There wasn't a single note in Jenna's records about her parents raising concerns about her. You only had to look at her to know something was wrong. Were they blind? And the teachers who'd tried to raise it themselves were only ever met with smiles – blissful oblivion – from Frances, who convinced them nothing was wrong, made them feel guilty, in fact, for judging Jenna by her appearance.
The first few times Jenna and I met, the winter gloom pressing against the windows, Jenna was so serious, focusing only on her work and refusing to be drawn on anything personal. I tried all the tricks of the trade.
‘I've been wondering how you're doing, Jenna. You seem a bit distracted.'
‘Why don't you stay back so we can discuss this further… and anything else that might be on your mind?'
‘Your portrayal of Ophelia was so moving – do you feel a personal connection with her?'
And then: ‘Have you ever been to Glastonbury?'
It was the last one that got her talking, tripping over herself she was so excited to talk about the years that have gone down in history and the bands she loved playing at the next one and the gigs she'd been to with Rose and how she'd felt watching Bob Dylan at the Royal Albert Hall even though he was so past it and couldn't hit the notes and then she'd stopped short.
‘Jenna?' I leant towards her, reaching across the table so my hand sat just in front of hers.
She shook her head.
‘You don't have to tell me,' I said.
She shrugged it off. ‘It's nothing. I was just sad that Rose couldn't come. My uncle got given the tickets just randomly but Rose was on holiday and I went up to London with him and his assistant.' She squirmed and started picking bobbles off her tights.
‘Did something happen?'
She shook her head. ‘No, it was just… weird. I mean nice, but weird.'
‘Weird how?'
‘I don't know. It's like… I'm kind of the black sheep in my family. We all live on this farm and it's like the Beaufort-Bradleys are some kind of business or, I don't know, a battleship. We're all in it together, one glorious triumph after the other, all banging the same drum, except for me.

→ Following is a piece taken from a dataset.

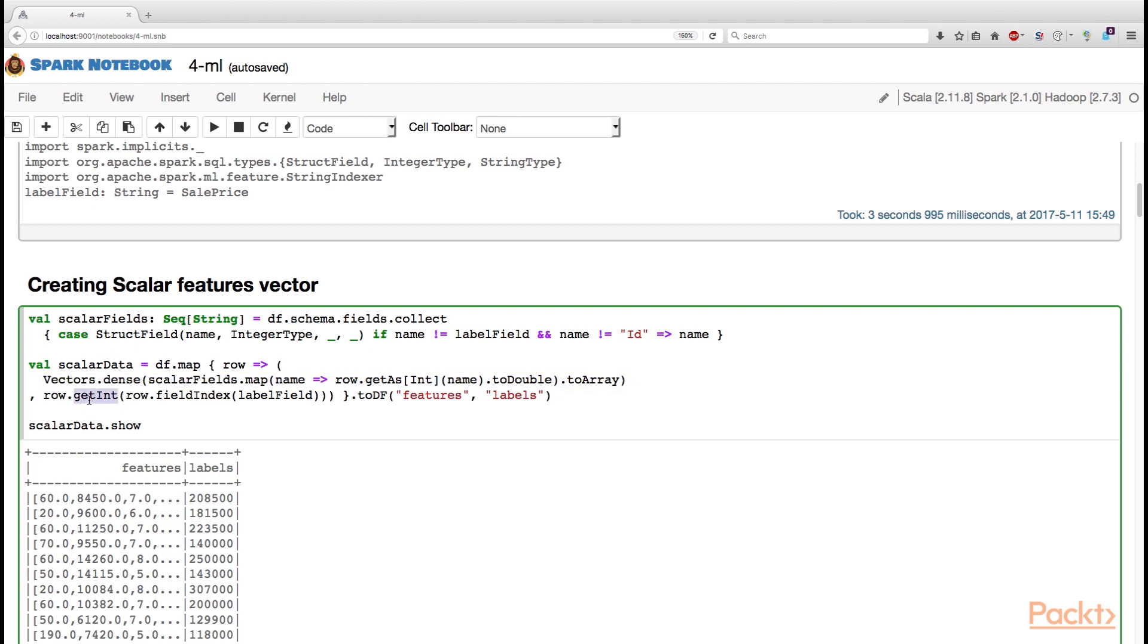and the next entry to the tuple is just a single column of integers that we need to predict. We need to predict the integers stored under the label field, and the label field is the sale price.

‘My cousins hate me. My grandparents, my mum and dad, they don't know I even exist. I'm like a ghost. And then every now and again I get these… interludes. With Uncle Tristan and Theo. And they're so fun. And they see me. And then we come home and it's like we all pretend nothing ever happened.'
‘Did something happen?'
She shook her head.
‘Jenna?'
‘No! The gig was great! Like, one of the best things I've ever done. But isn't it weird that you're the only person who has ever asked? I was, like, fourteen or whatever, and my mother was like, "Yeah, go to London. Have fun, Darling!" and then when I got home I had – there was – I don't know. I guess I wasn't very well. But no questions were asked. I don't think my mum even knows who I saw, even though she fucking loves Dylan – oh God, sorry.'
I took a second to realise she was apologising for swearing and I laughed. ‘Did you know that, on average, people who swear are more intelligent than people who don't?'
She laughed. ‘Try telling that to my grandfather.'
She started to open up after that, though she tended to talk obliquely, and I knew there were things she was keeping from me. All the same, I got a fair glimpse of her life, her real life: the bullying at school, the neglect of her parents, how her uncle was her only ally in her family.
Tristan and Theo were the only reasons she was surviving her adolescence. They helped her see that everything would be okay, out on the other side.
And then the fear, the crushing confusion, of what it was like to be sixteen and drawing the greedy eyes of boys and men, and to maybe be falling in love with someone you shouldn't.